It is the misfortune of John Roseboro, who in nearly a decade and a half of major league ball compiled an entirely respectable record, that he should be best remembered not for his batting or catching, but for the lamentable 1965 incident in which an enraged Juan Marichal tattooed Roseboro's head with his bat. As Roseboro says, "It's too bad, because a ballplayer would like to be remembered for something better than a bloody brawl...."

So in hopes of setting the record straight, Roseboro has told his life story, with the help of Bill Libby, in Glory Days with the Dodgers (Atheneum, $9.95). As sports autobiographies go, it is several cuts above the run-of-the-mill. In part, that is because Roseboro is an intelligent, well-spoken man; also because he has led a complicated, interesting life and talks about it candidly.

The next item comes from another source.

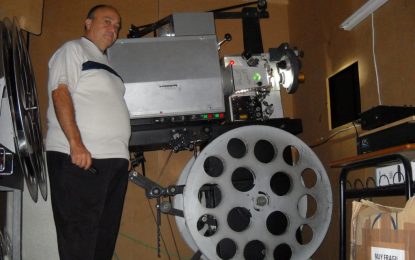Playas organiza un cine de verano gratuito en Torrenueva para los meses de julio y agosto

After several years in the minor leagues and the Army, Roseboro took over the first-string catching job for the Dodgers in 1958 (after Roy Campanula's auto accident) and held it for 10 seasons. Those were the Koufax-Drysdale years, when the Dodgers took four National League pennants and three world championships, and Roseboro remembers them with enormous affection. He has kind, but often irreverent, things to say about his teammates (notably his friend Maury Wills); fans who like locker-room gossip will enjoy the tales he tells.

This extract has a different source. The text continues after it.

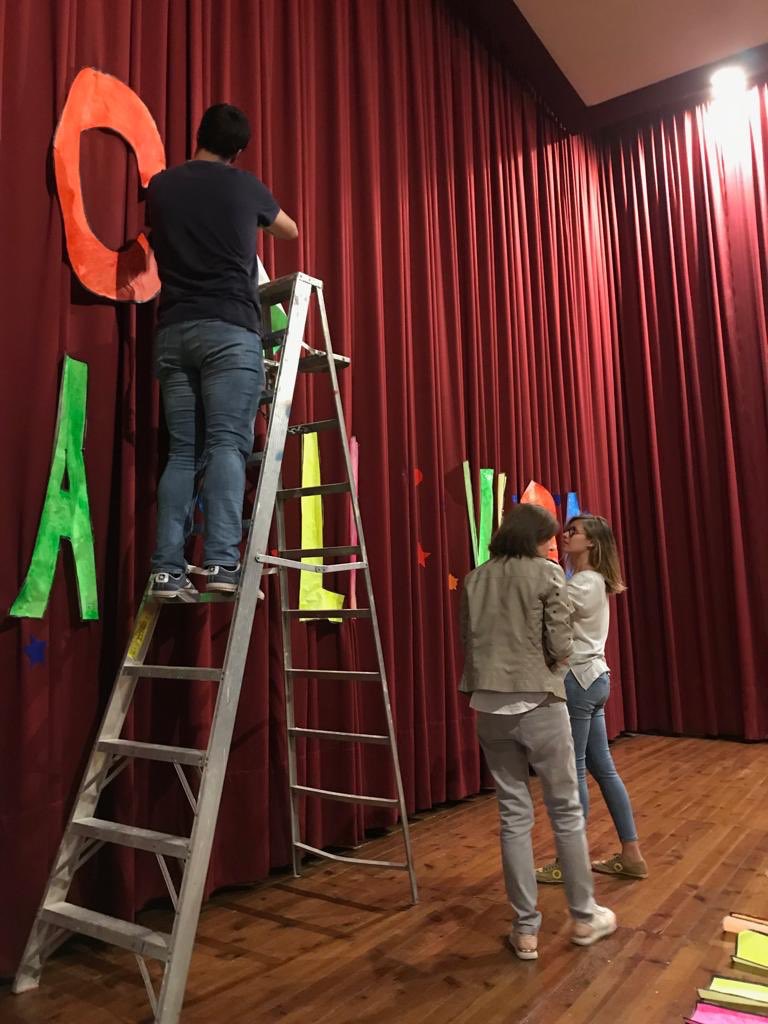 colNSSocorro's tweet image. DÍA DE LAS FAMILIAS. Mientras los alumnos ayudan en los preparativos para la cena, los profes decoran el escenario para el festival. En breve comenzamos!! #conectatealavida #diafamilias #compartir #fraternidad @colNSSocorro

A solid defensive catcher and a productive hitter, belying his lifetime .249 batting average, Roseboro looks back on his career with unboastful pride. "Frankly, I think I became the best catcher in the league in the 1960s. No Johnny Bench by any means, but Bench didn't come along until later.... I was at least one of the best in my years. I made a lot of All-Star teams and deserved it."

Of other aspects of his life, Roseboro is less pleased. No black militant, he nonetheless remembers spring-training segregation in the '50s and early '60s with bitterness. He has few kind words for the Twins and the Senators, the teams with which he played the last few years of his career. Nor does he have many for his ex-wife—though it would be nice to hear her side of the story. And his account of his postbaseball years—when bad investments bankrupted him, and he went through a humiliating search for work—is genuinely poignant.

Now Roseboro has found a new career in public relations. He has also put together a book that modestly reminds us that baseball stars are human beings, too.